Ex: Filtering an array

var originalArray = [1, 2, 3, 4];

// Bad - using a for-loop to mutate a new array
var filteredArray = [];
for(var i = 0; i < originalArray.length; i++) {
  var number = originalArray[i];
  if(number % 2 || number % 6 === 0) {
    filteredArray.push(number);
  }
}

// Better - using the native Array filter method with a typical anonymous function
var filteredArray = originalArray.filter(function(number) {
  return number % 2 || number % 6 === 0;
});

// Most Functional - using predicates with a filter method
var isOdd = function(number) {
  return number % 2;
};
var isDivisibleBySix = function(number) {
  return number % 6 === 0;
};
var isValid = R.allPass([isOdd, isDivisibleBySix]);
var filteredArray = R.filter(isValid, originalArray);

The “most functional” technique may seem unappealling because it requires so many lines of code, but it’s vital to remember that predicates serve as re-usable, easily testable utilities. Also, R.allPass([isOdd, isDivisibleBySix]) is more expressive than number % 2 || number % 6 === 0. In the latter case, readers must remember how % works and how the result is a number that gets coerced into a boolean value for truthiness/falsiness.

Ex: Debugging via console.log

// Let's try to debug the following function
var processData = R.compose(calculateStuff, sortByDate, filterByStatus);

// First, we need an FP-friendly logger that works with composition
function log(note, input) {
  console.log(note + ' --- ' + input);
  return input; // this return is vital
}

// Second, we insert the logger into the composition to check if filtering worked
var processData = R.compose(calculateStuff, sortByDate, log('filtered data'), filterByStatus);

// Then we run processData with some data, check the log output, and adjust
// the placement of the log within the composition until we find where
// things go wrong.

Once again, it may seem a tad painful. You’re being forced to create a special logger function. But much like in the previous example, keep in mind that you’re being forced to create specialized functions that will probably be useful enough to be part of your project’s internal library of utilities and helpers.

Ex: Promises

Let’s pretend we need to grab data about an animal. First, we query our database of animals. Second, we use our query results to get more info from a 3rd-party animal API. Third, we use some part of that info to search for relevant photos from the Flickr API.
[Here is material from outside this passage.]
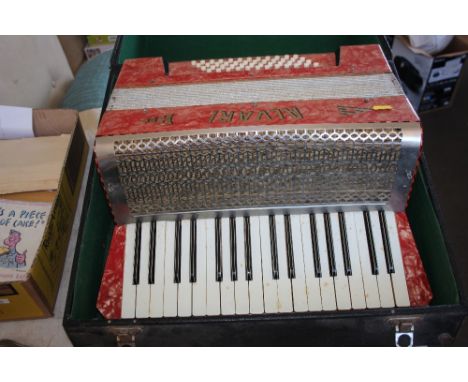 An Alvari piano accordion in carrying case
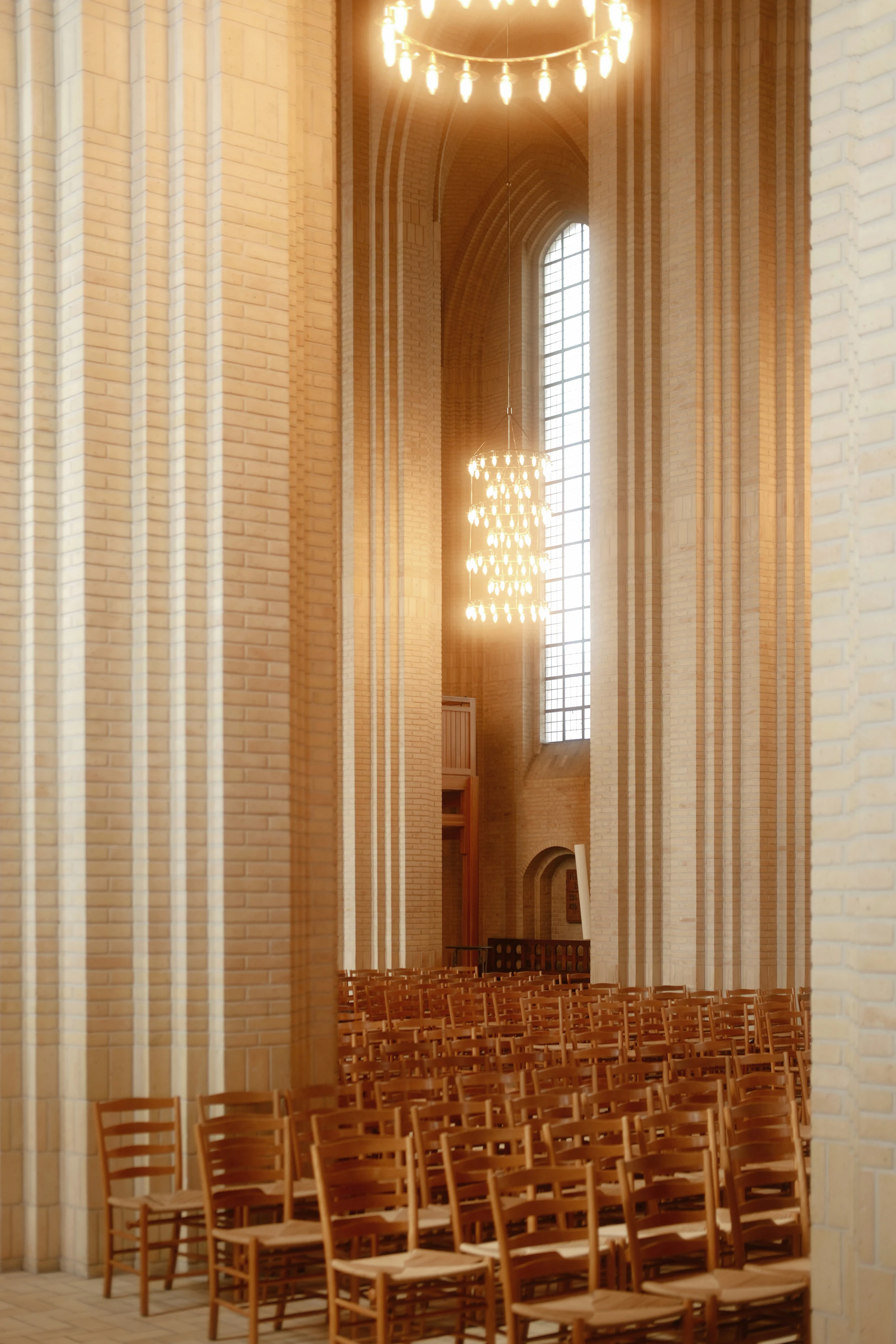Rows of wooden chairs inside a tall, light-filled church interior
// Bad - using typical anonymous function boilerplate
function getAnimalData() {
  return getAnimalInfoFromDatabase().then(function(response1) {
    return getRelevantInfoFrom3rdPartyAPI(response1);
  }).then(function(response2) {
    return getRelevantPhotoFromFlickrAPI(response2);
  }).then(function(response3) {
    return response3;
    // Note: This last part of the promise chain is actually unnecessary, but
    // newbies tend to include it.
  });
}

// Better - using pointfree style
function getAnimalData() {
  return getAnimalInfoFromDatabase()
    .then(getRelevantInfoFrom3rdPartyAPI)
    .then(getRelevantPhotoFromFlickrAPI);
}

// Most Radtastic - using Ramda's promise composer
var getAnimalData = R.composeP(
  getRelevantPhotoFromFlickrAPI,
  getRelevantInfoFrom3rdPartyAPI,
  getAnimalInfoFromDatabase
);
// Notice how the order of composition goes from right to left.